God as “Lawgiver” and “Judge” is precisely what is at stake in Canada today. In an age of economic, social, and cultural transition the rules of God, so to speak, have to be relearned and reaffirmed all over again on pain of losing them altogether and thereby becoming “secular.” The greater the intensity of the transition, the greater the danger of losing sight of them. Canadians in general have been wresting with the implications of moral permissiveness. Canadian Catholics, moreover, have also been occupied with the implications of the Second Vatican Council, while Quebec Catholics have gone through no less than three transitional crises: the changes in the Church; their own political, economic. And social overhaul known as the Quiet Revolution; and the problems associated with moral permissiveness. With regard to the Church, an emphasis on personal freedom accompanied by a downplaying of a personal sense of sin can easily gravitate to belittling the role of the Church in public life to the point where there is no role at all. The sixties were a period of rather facile optimism about life in general. Some Catholics, in a post-Vatican euphoria, were questioning the very idea of sin itself: Original, personal, or social. Associated with this was a further questioning among some who doubted that in an age of the Spirit there actually was a need for the institutional Church at all. In general much theological turmoil of that time was accompanied by a suspicion, even a rejection, of authority.
Secularism in the air
It may well be assumed that this line of thought confirmed for Trudeau his earlier religious ideas and their implications for politics. As far as hid personal faith was concerned, he was not prepared to abandon it. But religion was purely private, with no role in public life. The time for “sacred concepts” was over. The events in Quebec may have removed any doubts that lingered on. Already in the fifties, Trudeau had written in the epilogue to his book The Asbestos Strike that changes for a better Quebec would have to come about through
a bloody revolution against outmoded superstructures, as in nationalistic and Catholic countries like Spain, Mexico and Argentina, etc. We have a safety-valve in a continental economy and in a federal constitution, where pragmatism, secularism and an awareness of change are the predominant attitudes.

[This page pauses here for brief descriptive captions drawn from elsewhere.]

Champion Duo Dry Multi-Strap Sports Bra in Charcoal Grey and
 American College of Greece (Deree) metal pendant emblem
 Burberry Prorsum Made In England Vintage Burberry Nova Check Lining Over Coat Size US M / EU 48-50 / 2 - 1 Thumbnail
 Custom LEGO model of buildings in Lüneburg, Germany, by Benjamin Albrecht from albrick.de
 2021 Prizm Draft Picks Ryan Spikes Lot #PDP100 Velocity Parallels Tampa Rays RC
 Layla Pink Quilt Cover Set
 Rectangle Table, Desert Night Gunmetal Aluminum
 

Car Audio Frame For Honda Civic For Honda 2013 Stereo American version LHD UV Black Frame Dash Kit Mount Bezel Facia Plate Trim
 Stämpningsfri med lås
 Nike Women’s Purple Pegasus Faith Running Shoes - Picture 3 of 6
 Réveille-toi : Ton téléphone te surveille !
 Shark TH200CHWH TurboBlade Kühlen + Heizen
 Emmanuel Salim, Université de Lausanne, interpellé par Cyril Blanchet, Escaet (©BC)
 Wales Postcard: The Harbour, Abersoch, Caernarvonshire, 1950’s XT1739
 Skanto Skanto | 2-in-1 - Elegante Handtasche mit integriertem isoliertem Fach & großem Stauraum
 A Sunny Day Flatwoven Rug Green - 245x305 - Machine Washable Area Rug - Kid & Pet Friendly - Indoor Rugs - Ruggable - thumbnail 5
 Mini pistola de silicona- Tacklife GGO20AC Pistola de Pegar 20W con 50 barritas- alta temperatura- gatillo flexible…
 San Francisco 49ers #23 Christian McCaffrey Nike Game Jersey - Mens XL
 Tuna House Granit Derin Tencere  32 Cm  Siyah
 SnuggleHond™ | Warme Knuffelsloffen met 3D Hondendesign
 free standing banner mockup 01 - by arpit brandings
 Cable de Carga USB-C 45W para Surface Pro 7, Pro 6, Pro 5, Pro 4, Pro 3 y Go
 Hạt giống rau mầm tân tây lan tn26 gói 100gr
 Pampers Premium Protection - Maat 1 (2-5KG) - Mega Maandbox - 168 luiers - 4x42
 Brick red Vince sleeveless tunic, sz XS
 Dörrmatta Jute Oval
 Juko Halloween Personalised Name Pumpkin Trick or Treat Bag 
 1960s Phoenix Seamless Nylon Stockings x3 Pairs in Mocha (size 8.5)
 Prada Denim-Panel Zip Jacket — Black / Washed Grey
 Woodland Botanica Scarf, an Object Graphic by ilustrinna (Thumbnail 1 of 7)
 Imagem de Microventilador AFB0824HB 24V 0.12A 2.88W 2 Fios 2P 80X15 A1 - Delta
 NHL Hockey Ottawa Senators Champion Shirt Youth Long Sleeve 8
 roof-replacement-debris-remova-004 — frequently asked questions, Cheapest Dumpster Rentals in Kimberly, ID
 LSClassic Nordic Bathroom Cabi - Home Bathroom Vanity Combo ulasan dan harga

Secularism was certainly in the air. While Quebec escaped blowing off the lid, the Quiet Revolution was revolution enough. The death of Duplessis and the window opened by Pope John XXIII “to let in fresh air” (i.e., the Second Vatican Council) combined to make a new Quebec. With regard to religion the word most often used is “secularization.” Gérard Dion pointed out in the Journal of Canadian Studies (1968) that there are many expressions related to this term “which do not cover exactly the same realities”: secularization, desacralization, profanization, laicization, declericalization, and de-confessionalization. Whatever the term, the result was a Quebec in which individual private opinion, now apparently as often as not separated from or opposed to Catholic doctrine, played a greater role than the authority of the Church, in personal as well as public morality.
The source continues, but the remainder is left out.